Darktown, published in 2016, is the fourth novel by American author Thomas Mullen. Its first sequel, Lightning Men, was published in September 2017. In 2020 Midnight Atlanta, the second sequel, was published.

This novel, based in 1948 Atlanta, blends elements of historical fiction and crime fiction to tell the story of Lucius Boggs and Tommy Smith, fictional characters who serve as two of Atlanta's first eight African-American police officers. The pair is tasked with investigating the murder of a young African-American woman and the injustices surrounding her murder, despite the many obstacles and restrictions placed upon them.

== Author's background ==
Thomas Mullen lived in several cities before moving to Decatur, Georgia. Mullen likes how Decatur has a "real community of writers and readers." The city also "felt like a comfortable place for me to be". Mullen was inspired to write Darktown after reading Where Peachtree Meets Sweet Auburn: A Saga of Race and Family by Gary Pomerantz. He finished his first draft after Michael Brown was shot. parallels between past and present "issues of race and police violence" drove Mullen to continue Darktown so he can remind readers "that nothing that is happening today is completely without precedent".

== Historical Context ==
Atlanta experienced tremendous growth in the late 1800s and early 1900s. The city prospered from new businesses and new employees. However, the city became divided from "social, political, and racial tensions". Thus, city officials segregated Atlanta into two districts: "Great White Way" for white Atlantans and "Sweet Auburn" for African-American Atlantans. The division allowed Atlantans to live separately without racial mixing. Sweet Auburn allowed African-Americans to "acquire property and live comfortably in modest to wealthy homes".

Although Sweet Auburn was home to upper-class African-Americans, sections of Atlanta still had shanties for poor African-Americans. White people used derogatory slang names for these impoverished sections: Darktown and Shermantown. With the city's growing population, the Atlanta Police Department strove for "greater efficiency" by employing more policemen and establishing the Central Headquarters Building. The African-American communities advocated for their own officers. In 1948, Mayor William B. Hartfield negotiated with African-American leaders to hire eight African-American police officers in return for their votes. However, the eight police officers had "many restrictions": they only patrolled African-American neighborhoods, could not arrest white people, and while they were given guns, it was understood that they could not fire the guns. The African-American police officers also had different headquarters, a "basement of the local 'colored' YMCA". The mayor and police chief wanted to separate the African-American officers for their own protection from the white officers. Their headquarters, known as Butler Street YMCA, is known as the "Black City Hall of Atlanta".

== Plot ==
Darktown, set in 1940s Atlanta, follows the story of Lucius Boggs and Tommy Smith, two of Atlanta's first African-American police officers.
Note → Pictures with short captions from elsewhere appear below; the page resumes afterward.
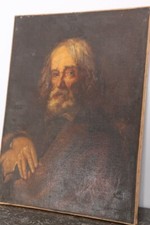 Antico dipinto scuola fiamminga primi 800 olio su tela volto anziano cm 77 x 59 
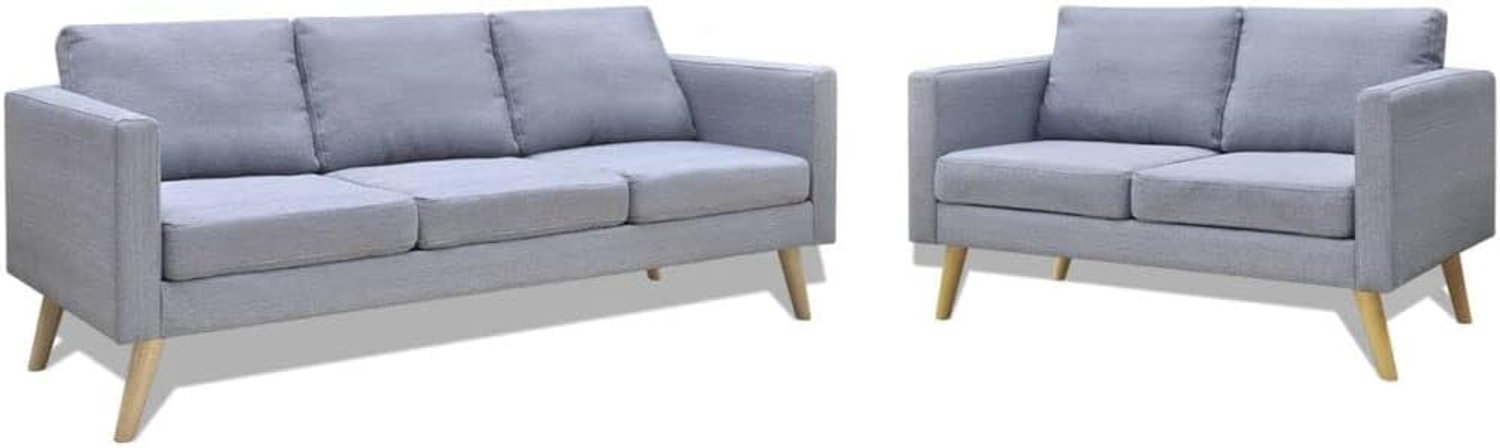 2-zitsbank + 3-zits, woonkamerbank, bank, chaise longue, Cheslong bank, rugleuning voor bank, woonkamer, moderne woonkamerbank, slaapkamer, stof, lichtgrijs
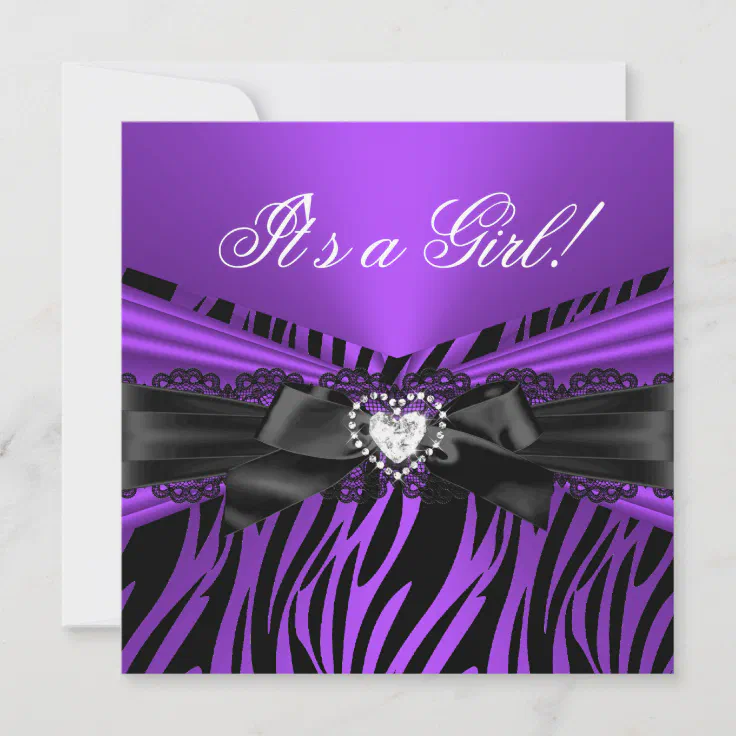 purple zebra baby shower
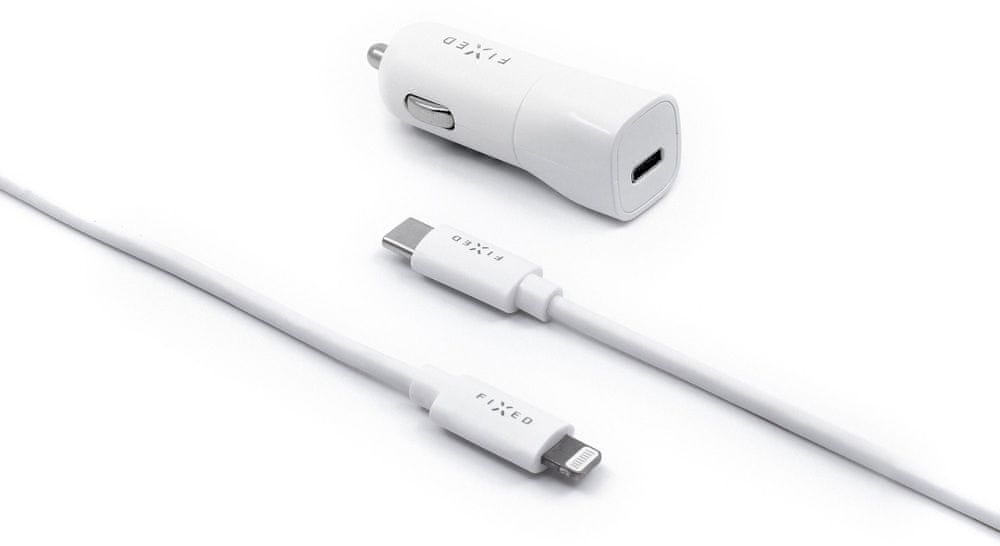 FIXED Set autonabíječky s USB-C výstupem a USB-C/Lightning kabelu FIXCC18-CL-WH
The novel begins when Boggs and Smith are patrolling in a predominantly African-American neighborhood when they witness a white man hit and knock over a lamppost and slowly flee the scene. The pair, on foot, order the man to pull over and notice an African-American woman in a yellow dress with a bruise on her face in the passenger seat. The cops are unable to convict the white man, later identified as Brian Underhill, due to his race, so they call in white police officers for backup. Officer Lionel Dunlow and his partner, Dennis "Rake" Rakestraw, show up as backup and let the man off without penalty.
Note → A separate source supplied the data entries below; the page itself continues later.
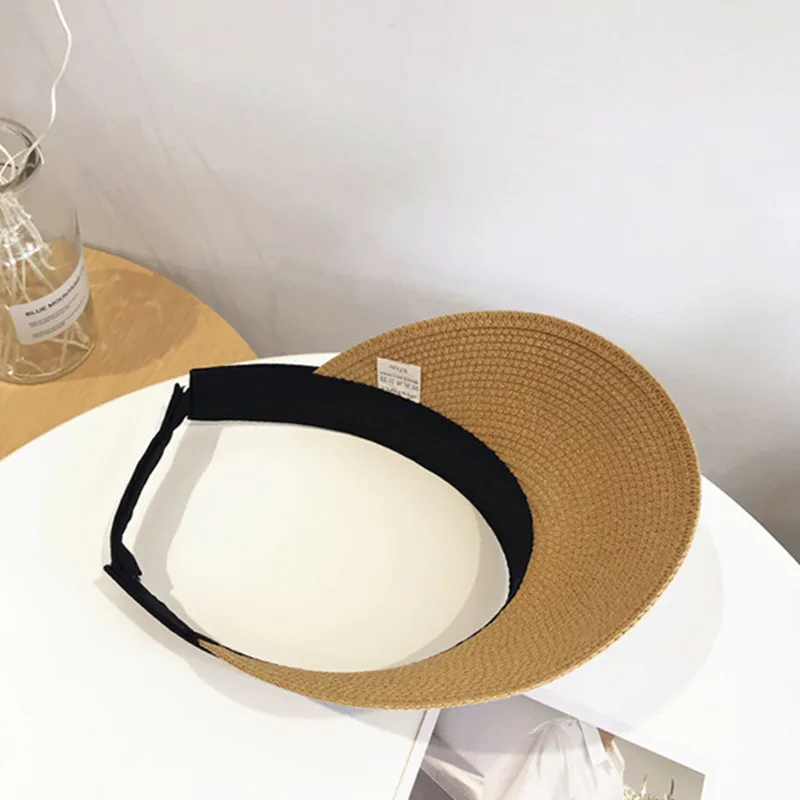 Summer Wear Woven Straw Hats Women Breathable Empty Top Casual Beach Visor Caps Wide Large Brim Hat Adjustable Foldable Sun Caps sun hat sun protection hat empty top hat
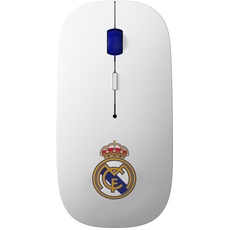 FRIENDLY LICENSE Real Madrid Club de Football – kabellose Computermaus, präzise Tastenanschläge, USB-Empfänger, Wappen von Real Madrid, ergonomisches Design, offizielles Produkt des Teams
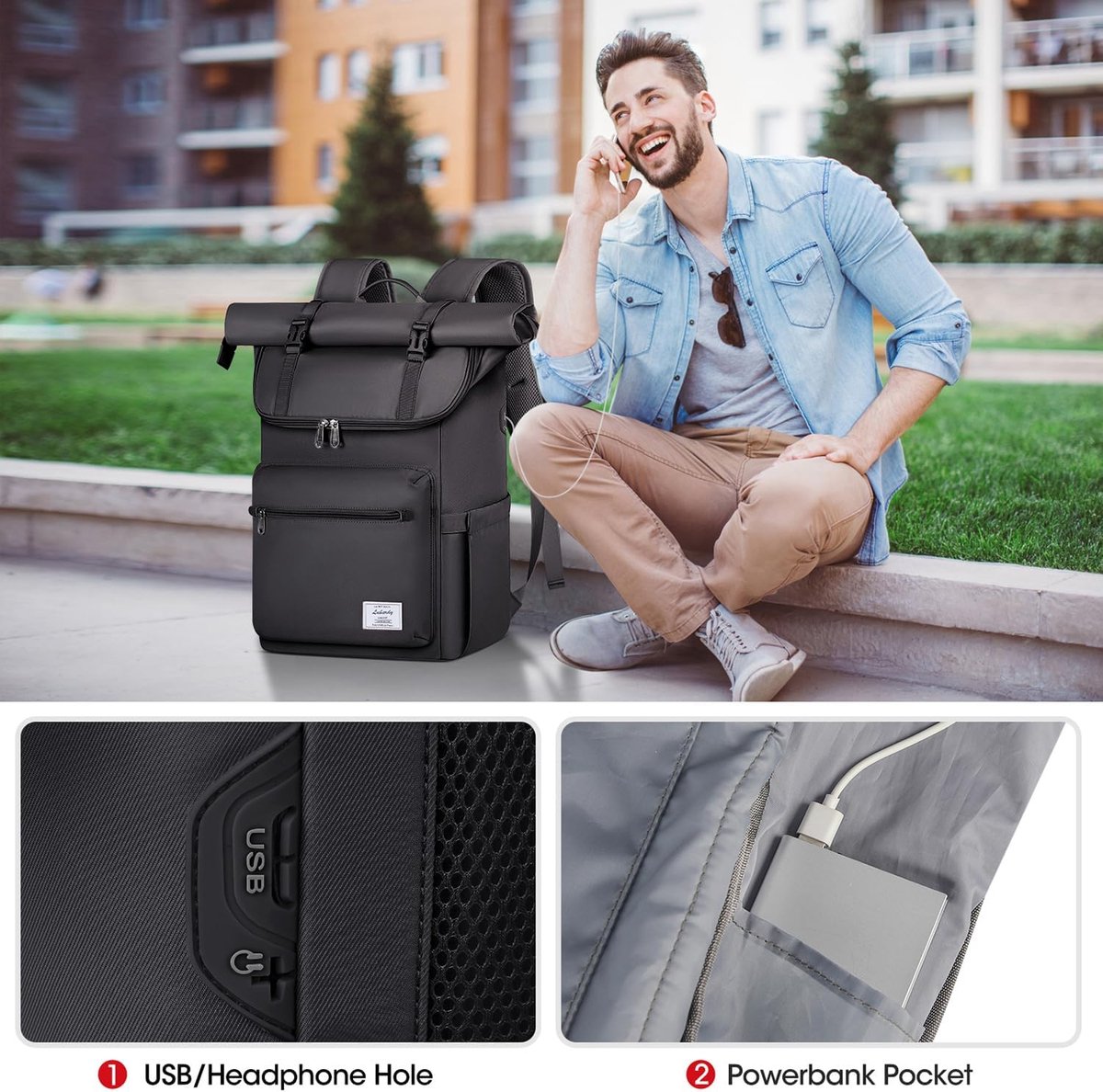 Backpack Waterproof and Durable - Laptop Compartment 17 inch with USB Charging Station - Anti-Theft - Travel Bag - School Backpack - Adjustable Backpack - Black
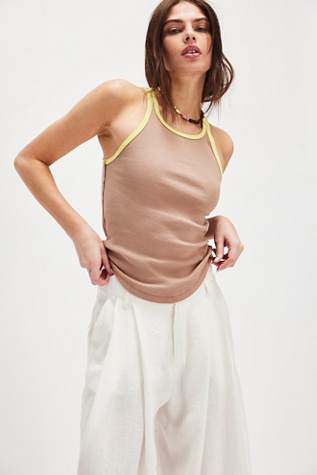 We The Free Only 1 Solid Ringer Tank Top at Free People in Praline, Size: XL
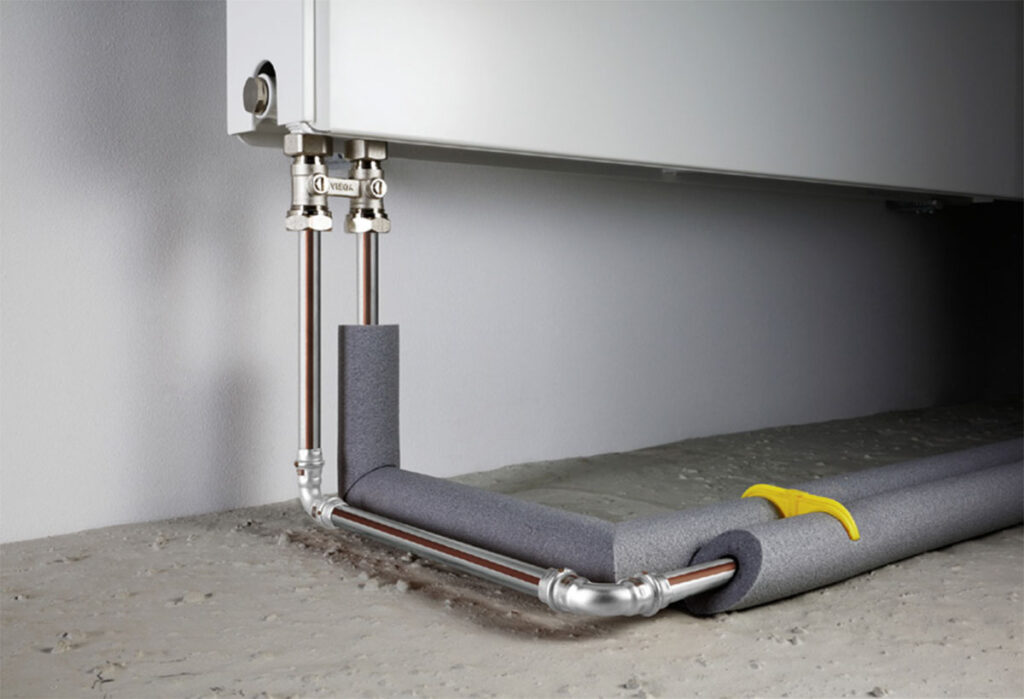 Podłączenie grzejnika wykonane w systemie Temponox.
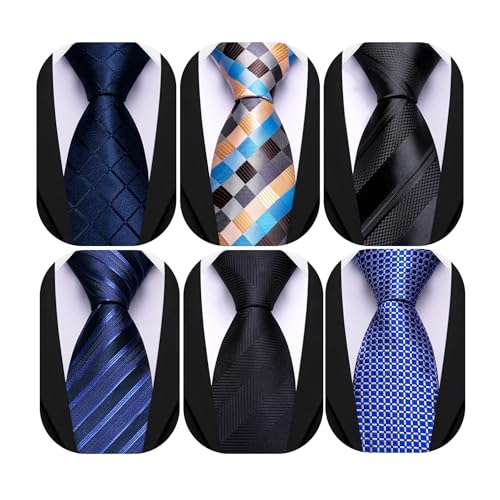 Image of Barry.Wang Mens 6 PCS Ties Silk Striped Paisley Check Floral Necktie Silky Woven Wedding Business Party Ties 3.34 inch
While patrolling, Boggs and Smith find the dead body of the woman they had previously seen in Brian Underhill's vehicle. They notice a bullet hole in her chest and no blood near the scene, implying that her body has been moved. The pair return to their headquarters, where they fill out a report on the findings. Boggs calls to get information from records, and he discovers that Brian Underhill was fired from the police force in 1945.

Boggs and Smith call Dunlow and Rake to the scene of an assault on the African-American side of town. Upon arrival, a man has been stabbed and instead of helping the situation, Dunlow beats the stabbed man and refuses to call an ambulance, which forces Boggs to run to a callbox and call for one himself. Dunlow leaves the scene, but Rake stays behind and reveals to Boggs that Underhill's name was removed from the report he submitted on the murder of the woman in the yellow dress.

Boggs later receives a call from Toon, a writer at The Daily Times, who tells him that the woman in the yellow dress is believed to be the daughter of Otis Ellsworth, a farmer from a fictional town, Peacedale. Ellsworth identifies the woman's body as his stepdaughter, Lily Ellsworth. Boggs questions the farmer and discovers that she worked as a maid for Senator Prescott. Boggs visits the Prescott's house and uncovers that Lily had left this job months ago.

Meanwhile, Rake stakes out Brian Underhill's apartment in Mechanicsville, until he sees his partner, Dunlow, enter into the apartment. Rake eavesdrops on the two and his suspicion increases.

After seeing Dunlow and Underhill enter a brothel called "Mama Dove's" in the African-American part of town, Rake decides to investigate. Mama Dove tells Rake that Underhill often picks up "her girls," and they are never seen again. Rake tails Underhill again and is caught. The pair fight and Rake tries to get Underhill to answer questions about Lily's murder. Unsuccessful, he leaves and hears shots behind him. He then finds Underhill dead. Rake leaves the scene as to not incriminate himself of the murder.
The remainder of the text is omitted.